## Work to complete
In the entries below, begin at the line that has "Blue Latex Waterproof", stop after the line that has "Vintage Cast Stone", and output those lines exactly with no pictures.

## Exercise input
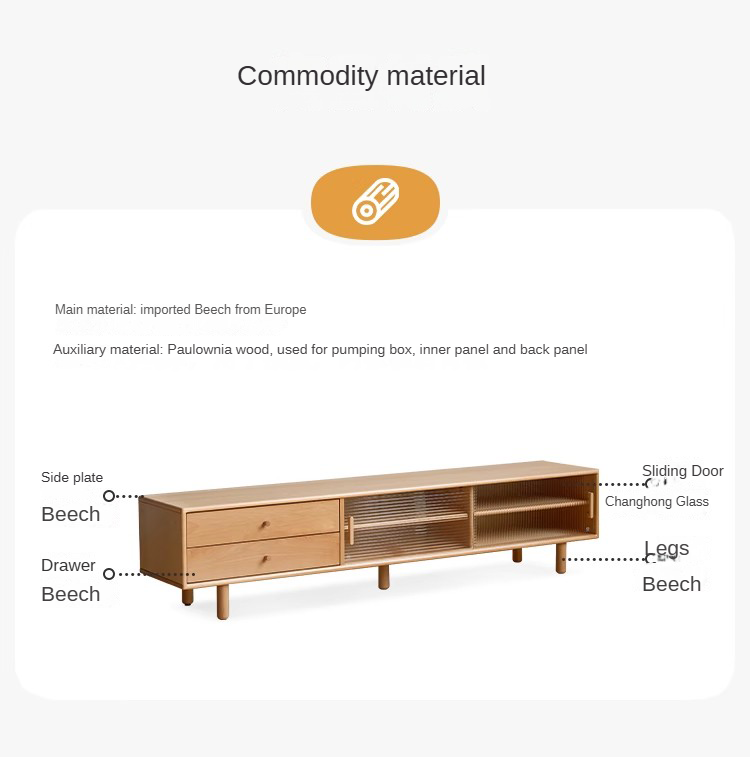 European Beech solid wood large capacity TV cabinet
* * *
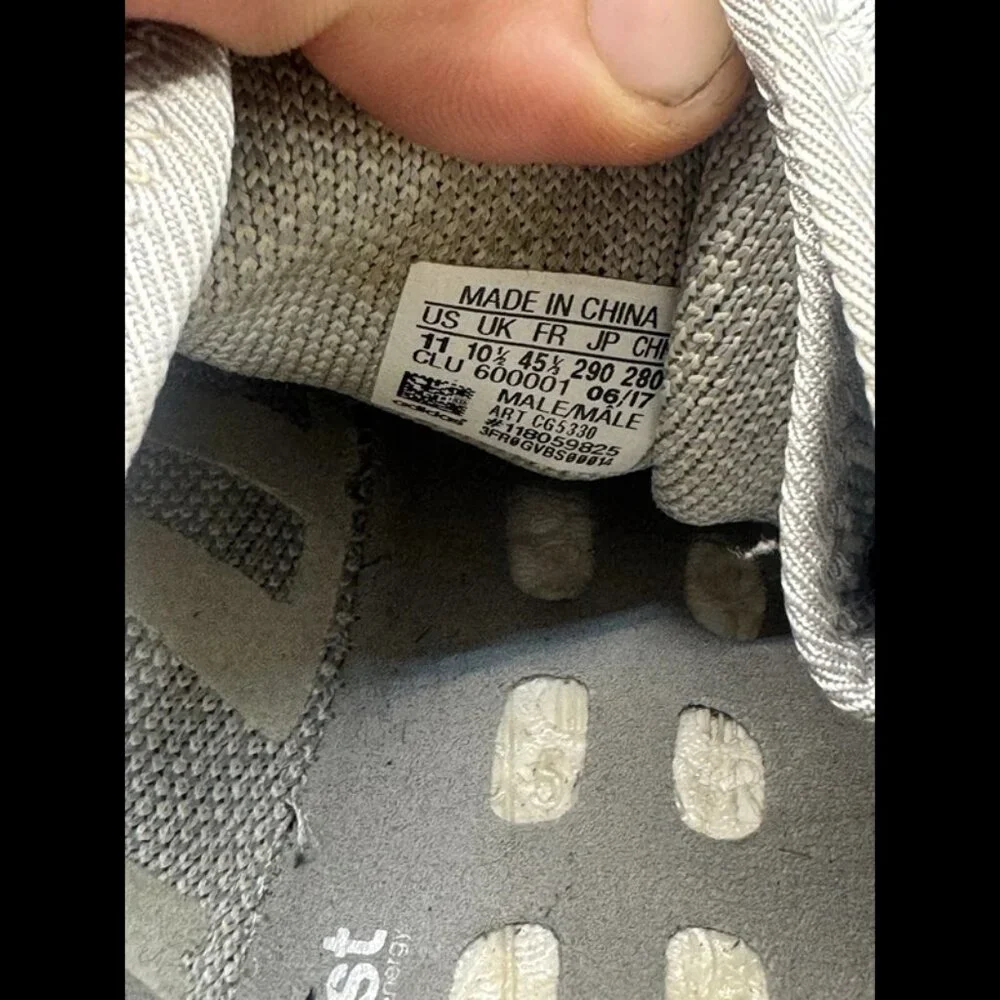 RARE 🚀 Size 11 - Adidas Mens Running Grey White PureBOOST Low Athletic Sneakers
---
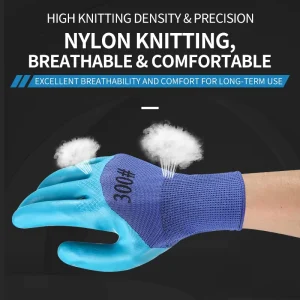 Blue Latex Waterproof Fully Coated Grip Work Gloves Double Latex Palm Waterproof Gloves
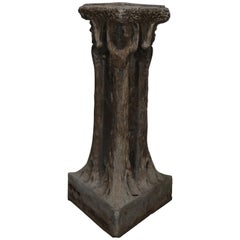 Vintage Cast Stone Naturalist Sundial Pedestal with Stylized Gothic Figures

## Response to the exercise
 Blue Latex Waterproof Fully Coated Grip Work Gloves Double Latex Palm Waterproof Gloves
 Vintage Cast Stone Naturalist Sundial Pedestal with Stylized Gothic Figures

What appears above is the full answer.